FAO and partners’ efforts in humanitarian assistance have reduced the number of people in Crisis and Emergency Phases. However, adverse climate conditions, insecurity and insufficient funding continue to hinder deliveries. Despite these challenges, FAO will continue to scale up its support both to respond to urgent needs and to safeguard livelihoods.

As part of FAO’s Emergency Livelihood Response Programme, in areas worst affected by insecurity and high numbers of IDPs the focus is on distributing emergency livelihood kits, including crop and nutrient-dense vegetable seeds and minimal-harm tools. In calmer states, FAO is protecting and boosting food production by improving local availability of quality seed and planting materials and by facilitating technology transfer through farmer field schools.

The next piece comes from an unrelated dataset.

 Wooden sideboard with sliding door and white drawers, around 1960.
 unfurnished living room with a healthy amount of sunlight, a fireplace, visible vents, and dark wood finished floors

The ongoing conflict has heightened risks of livestock disease outbreaks, including the potential spread of Rift Valley fever, as the cold chain system for vaccine storage has broken down. Non-traditional livestock herding patterns have also led to the intermingling of vaccinated and unvaccinated herds, while exacerbating tensions between pastoral and farming communities. FAO is distributing vaccines and veterinary supplies to enable rapid preventative vaccination campaigns, while equipping and retraining community-based animal health workers to provide basic, on-the-move healthcare to migrating herds.

FAO’s response programme in South Sudan is made possible thanks to the generous support from the Governments of Canada, Denmark, Japan, Kuwait, the Netherlands, Norway, the Swiss Confederation, the United Kingdom, the United States of America, as well as the European Union, the World Bank, the UN’s Common Humanitarian Fund and FAO internal funding mechanisms.